--- START ---
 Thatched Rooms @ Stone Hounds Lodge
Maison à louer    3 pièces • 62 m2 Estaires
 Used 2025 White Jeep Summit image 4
--- END ---
--- START ---
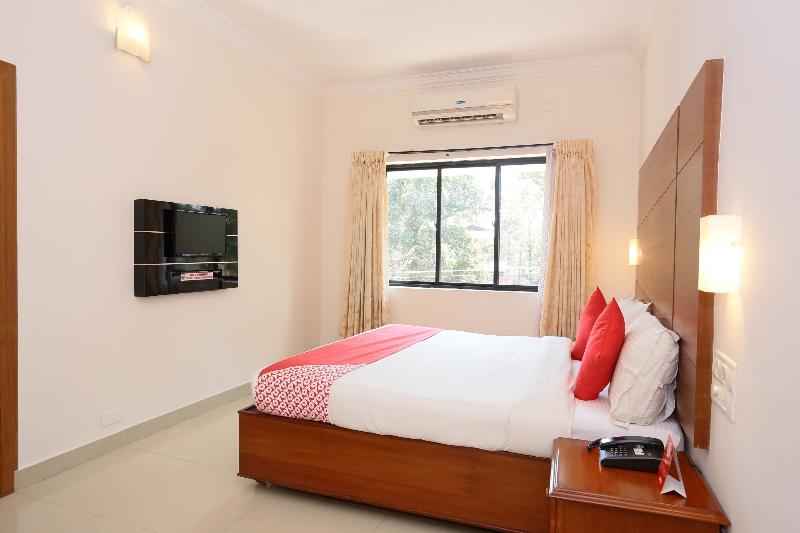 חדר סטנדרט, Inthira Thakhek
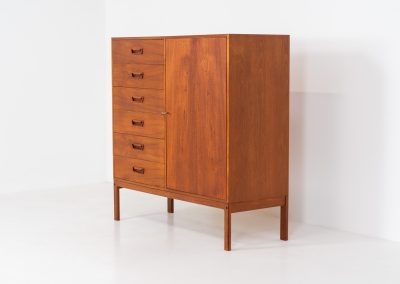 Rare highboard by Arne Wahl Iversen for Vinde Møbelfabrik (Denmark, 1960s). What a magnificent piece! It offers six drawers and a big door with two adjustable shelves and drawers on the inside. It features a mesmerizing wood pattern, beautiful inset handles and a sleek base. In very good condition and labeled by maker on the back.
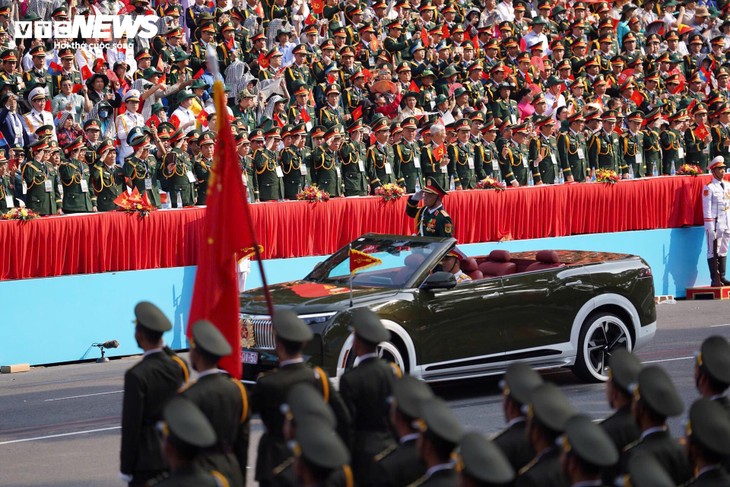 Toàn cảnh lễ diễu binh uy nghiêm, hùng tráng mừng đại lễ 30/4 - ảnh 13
--- END ---
--- START ---
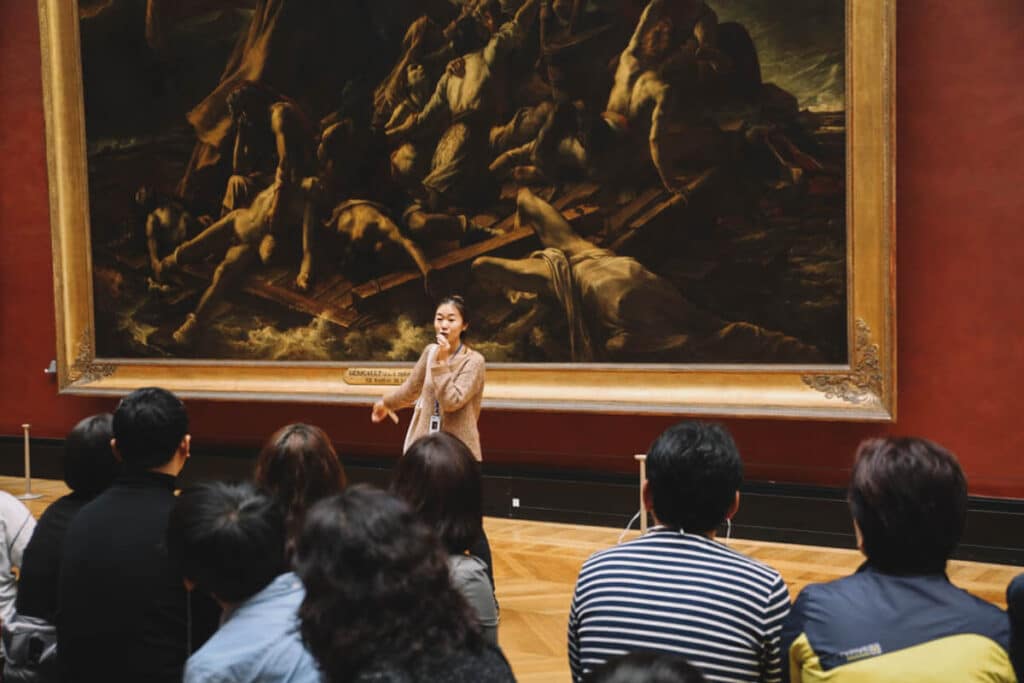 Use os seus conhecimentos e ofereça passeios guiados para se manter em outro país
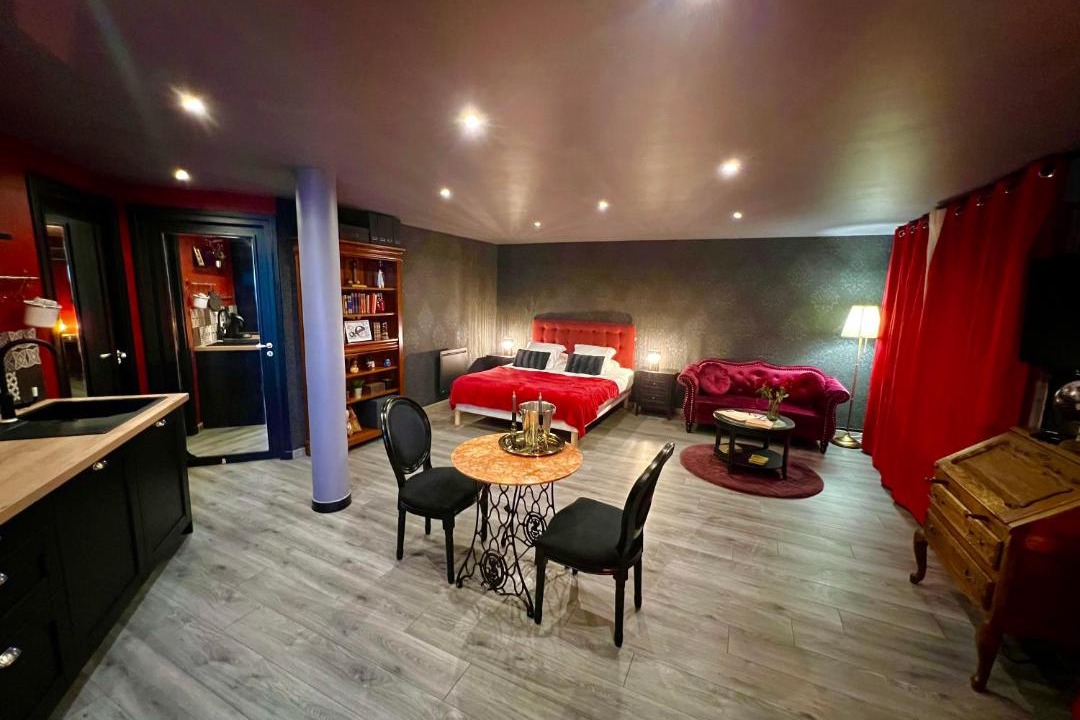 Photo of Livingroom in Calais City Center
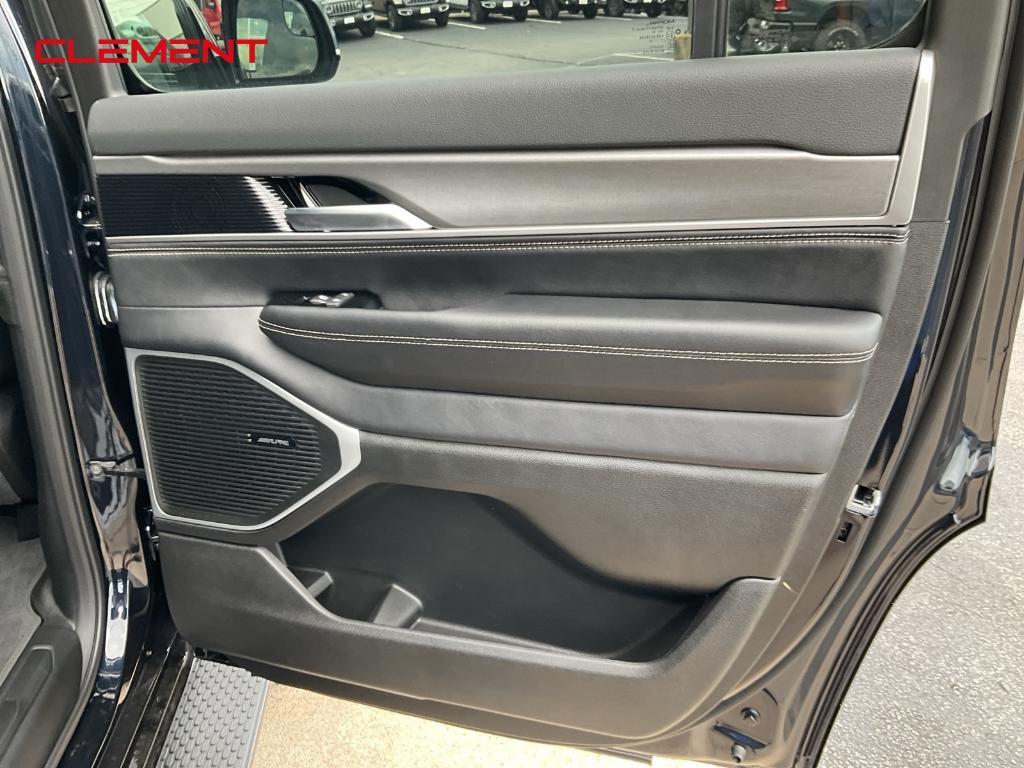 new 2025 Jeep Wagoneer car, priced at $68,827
--- END ---
Task details: Among the entries above, the line containing "Thatched Rooms @ Stone Hounds Lodge", the line containing "Used 2025 White Jeep Summit image 4", and all lines between them are to be restated word for word; nothing else belongs in the reply.

Answer to this problem:
 Thatched Rooms @ Stone Hounds Lodge
Maison à louer    3 pièces • 62 m2 Estaires
 Used 2025 White Jeep Summit image 4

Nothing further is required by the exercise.